Maybe it was ever so. But now, add this. The San Francisco Chronicle has reported on some new studies on the way that techno-stimulation — texts, tweets, IMs, Facebook, news alerts, the list goes on — has led to a new form of attention deficit disorder. We’re always on. Uber-connected. Addicted to short bursts of constant information. And despite our best intentions, we get sucked in. All of which, experts say, impacts our ability to analyze. From the story:

“The more we become used to just sound bites and tweets,” [Dr. Elias Aboujaoude, director of Stanford University's Impulse Control Disorders Clinic at Stanford University] said, “the less patient we will be with more complex, more meaningful information. And I do think we might lose the ability to analyze things with any depth and nuance. Like any skill, if you don’t use it, you lose it.”

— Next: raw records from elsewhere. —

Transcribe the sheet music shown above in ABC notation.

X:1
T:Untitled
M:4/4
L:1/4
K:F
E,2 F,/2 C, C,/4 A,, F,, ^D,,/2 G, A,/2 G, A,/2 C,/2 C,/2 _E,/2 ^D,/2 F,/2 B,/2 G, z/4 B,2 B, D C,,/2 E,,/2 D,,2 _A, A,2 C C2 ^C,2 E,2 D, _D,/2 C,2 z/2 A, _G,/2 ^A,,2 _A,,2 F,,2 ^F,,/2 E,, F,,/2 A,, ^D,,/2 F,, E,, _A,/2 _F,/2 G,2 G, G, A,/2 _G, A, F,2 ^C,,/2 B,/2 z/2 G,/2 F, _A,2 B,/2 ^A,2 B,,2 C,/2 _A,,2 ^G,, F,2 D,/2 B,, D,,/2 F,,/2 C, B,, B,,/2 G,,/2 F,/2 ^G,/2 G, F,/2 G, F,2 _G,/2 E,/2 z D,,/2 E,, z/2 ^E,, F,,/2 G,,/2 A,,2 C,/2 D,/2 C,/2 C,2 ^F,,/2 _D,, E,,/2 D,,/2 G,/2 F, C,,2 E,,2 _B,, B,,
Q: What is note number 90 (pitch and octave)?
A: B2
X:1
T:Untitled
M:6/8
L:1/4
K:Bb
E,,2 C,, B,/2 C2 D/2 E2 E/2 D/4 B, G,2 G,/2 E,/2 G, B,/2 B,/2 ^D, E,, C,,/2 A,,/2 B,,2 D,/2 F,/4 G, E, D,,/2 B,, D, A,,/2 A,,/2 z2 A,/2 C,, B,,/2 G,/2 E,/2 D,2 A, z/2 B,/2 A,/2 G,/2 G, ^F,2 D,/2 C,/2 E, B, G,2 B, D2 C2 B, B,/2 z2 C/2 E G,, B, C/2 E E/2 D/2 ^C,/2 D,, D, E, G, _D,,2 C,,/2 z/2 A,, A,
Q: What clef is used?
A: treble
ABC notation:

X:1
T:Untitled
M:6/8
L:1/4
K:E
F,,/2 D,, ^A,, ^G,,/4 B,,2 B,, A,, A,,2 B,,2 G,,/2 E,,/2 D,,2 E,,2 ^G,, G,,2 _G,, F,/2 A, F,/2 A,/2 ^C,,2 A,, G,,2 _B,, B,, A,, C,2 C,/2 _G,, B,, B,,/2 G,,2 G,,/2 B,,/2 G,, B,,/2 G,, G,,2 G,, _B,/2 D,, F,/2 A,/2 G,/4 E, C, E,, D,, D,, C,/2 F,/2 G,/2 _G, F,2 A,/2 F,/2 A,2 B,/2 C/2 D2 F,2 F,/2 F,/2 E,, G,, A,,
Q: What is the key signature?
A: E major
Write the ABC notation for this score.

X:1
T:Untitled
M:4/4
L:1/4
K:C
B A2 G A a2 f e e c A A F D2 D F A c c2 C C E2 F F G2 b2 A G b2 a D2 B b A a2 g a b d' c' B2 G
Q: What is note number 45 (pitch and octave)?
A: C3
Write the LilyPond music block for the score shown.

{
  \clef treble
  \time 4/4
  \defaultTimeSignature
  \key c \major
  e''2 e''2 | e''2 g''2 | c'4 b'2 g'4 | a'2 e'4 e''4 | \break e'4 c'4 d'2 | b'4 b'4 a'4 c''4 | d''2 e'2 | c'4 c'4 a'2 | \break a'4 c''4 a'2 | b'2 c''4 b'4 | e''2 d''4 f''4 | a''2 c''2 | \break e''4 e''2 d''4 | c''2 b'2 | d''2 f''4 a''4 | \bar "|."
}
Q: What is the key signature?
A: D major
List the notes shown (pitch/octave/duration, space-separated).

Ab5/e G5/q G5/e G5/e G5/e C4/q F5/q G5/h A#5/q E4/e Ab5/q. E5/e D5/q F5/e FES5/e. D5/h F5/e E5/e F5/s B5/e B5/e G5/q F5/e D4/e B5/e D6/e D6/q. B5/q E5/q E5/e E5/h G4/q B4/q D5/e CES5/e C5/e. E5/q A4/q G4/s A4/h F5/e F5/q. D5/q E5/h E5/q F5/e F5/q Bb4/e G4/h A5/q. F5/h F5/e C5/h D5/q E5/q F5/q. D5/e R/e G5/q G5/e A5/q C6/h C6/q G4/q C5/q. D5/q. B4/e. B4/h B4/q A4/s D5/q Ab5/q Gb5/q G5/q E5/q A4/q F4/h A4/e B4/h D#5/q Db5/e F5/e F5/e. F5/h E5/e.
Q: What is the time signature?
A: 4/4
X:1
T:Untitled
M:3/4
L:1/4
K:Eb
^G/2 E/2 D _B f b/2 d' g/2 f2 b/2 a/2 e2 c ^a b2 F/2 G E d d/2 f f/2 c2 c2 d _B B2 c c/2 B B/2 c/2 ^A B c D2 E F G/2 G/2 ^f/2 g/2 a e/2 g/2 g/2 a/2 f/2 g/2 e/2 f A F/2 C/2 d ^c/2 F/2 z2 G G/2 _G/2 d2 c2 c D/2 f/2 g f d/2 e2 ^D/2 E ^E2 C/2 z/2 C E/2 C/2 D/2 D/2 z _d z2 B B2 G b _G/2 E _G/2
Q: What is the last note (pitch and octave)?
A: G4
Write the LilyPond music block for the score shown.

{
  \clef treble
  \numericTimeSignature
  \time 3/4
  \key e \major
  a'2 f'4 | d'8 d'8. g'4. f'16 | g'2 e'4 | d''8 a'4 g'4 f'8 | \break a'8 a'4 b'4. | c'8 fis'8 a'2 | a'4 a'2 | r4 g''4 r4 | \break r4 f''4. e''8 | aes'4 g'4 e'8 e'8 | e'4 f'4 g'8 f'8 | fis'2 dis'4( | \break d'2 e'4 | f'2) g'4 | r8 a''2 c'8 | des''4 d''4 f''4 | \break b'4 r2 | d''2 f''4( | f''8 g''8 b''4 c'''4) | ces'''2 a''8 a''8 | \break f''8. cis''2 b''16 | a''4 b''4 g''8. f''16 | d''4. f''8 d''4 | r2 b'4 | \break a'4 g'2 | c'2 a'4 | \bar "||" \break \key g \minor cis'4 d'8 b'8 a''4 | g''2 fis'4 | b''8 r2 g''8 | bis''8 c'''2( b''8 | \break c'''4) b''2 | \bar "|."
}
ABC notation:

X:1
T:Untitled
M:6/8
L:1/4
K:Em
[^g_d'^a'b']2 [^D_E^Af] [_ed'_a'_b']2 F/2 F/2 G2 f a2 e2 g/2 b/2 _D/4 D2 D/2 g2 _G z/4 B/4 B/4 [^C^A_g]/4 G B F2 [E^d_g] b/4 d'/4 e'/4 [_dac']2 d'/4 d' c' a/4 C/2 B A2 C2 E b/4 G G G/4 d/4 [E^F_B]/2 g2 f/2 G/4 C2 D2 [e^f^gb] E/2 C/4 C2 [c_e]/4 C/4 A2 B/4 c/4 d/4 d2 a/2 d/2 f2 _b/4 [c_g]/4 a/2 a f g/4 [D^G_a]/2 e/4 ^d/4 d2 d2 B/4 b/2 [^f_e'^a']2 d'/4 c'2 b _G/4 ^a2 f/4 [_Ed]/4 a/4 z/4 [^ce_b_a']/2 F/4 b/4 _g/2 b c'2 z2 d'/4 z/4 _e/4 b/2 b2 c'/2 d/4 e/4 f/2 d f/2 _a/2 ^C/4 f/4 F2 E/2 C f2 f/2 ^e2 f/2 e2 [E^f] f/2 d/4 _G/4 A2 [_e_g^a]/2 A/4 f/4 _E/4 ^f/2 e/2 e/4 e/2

Dr. John Ratey, an associate clinical professor of psychiatry at Harvard Medical School, uses the term “acquired attention deficit disorder” to describe the way technology is rewiring the modern brain.

I don’t know about you, but I really don’t need to know what Suzy from Ohio is doing every five minutes. And yet. There’s the seduction of the buzz, the flash. She has me at beep-beep.

Which brings me belatedly to my point: Is all this stuff, this stimulation, this juggling, cluttering up our already cluttered brains to the point where we are not only overwhelmed — but chronically undecided?

The science suggests the answer is yes. Shannon wrote earlier on our blog about the Paradox of Choice, about how the more choices that confront us, the less likely we are to make one — or to be happy with it when we do. There’s the iconic jam study, where shoppers confronted with 24 jars of jam — versus just six — walked away empty handed. And the pivotal Magical Number Seven study, which dates back to the 1950s, that found that the human brain has trouble processing more than seven items at a time. The study was the basis for similar research in 1999 by Stanford Marketing Professor Baba Shiv, then an assistant professor at University of Iowa. He sent two groups off to memorize a series of numbers. One group had to memorize three. The other, seven. At the end of the task, the groups were given their choice of a treat: gooey chocolate cake or fruit salad. The three digit group overwhelmingly chose fruit. The seven digit group — cake. The point? Overwhelmed with the memory task, the rational brain of the seven-digit folks begged off and let the emotional side take over.

Shannon wrote recently about Zen and art of multi-tasking where, really, what we need to do when we drink tea –is to just drink tea. I wrote about the need to just play cards. Put all of this together and I think you find that maybe, for our own mental health, not to mention our ability to make decisions, we need to turn down the chatter.

Sixties guru Timothy Leary (he of LSD fame) once exhorted the youth of the day to “turn on, tune in, drop out.” I’m thinking it’s time to flip the switch: Turn off, tune out, drop in.

But wait. Did that make the slightest bit of sense? Not sure. I’m off to find some chocolate cake.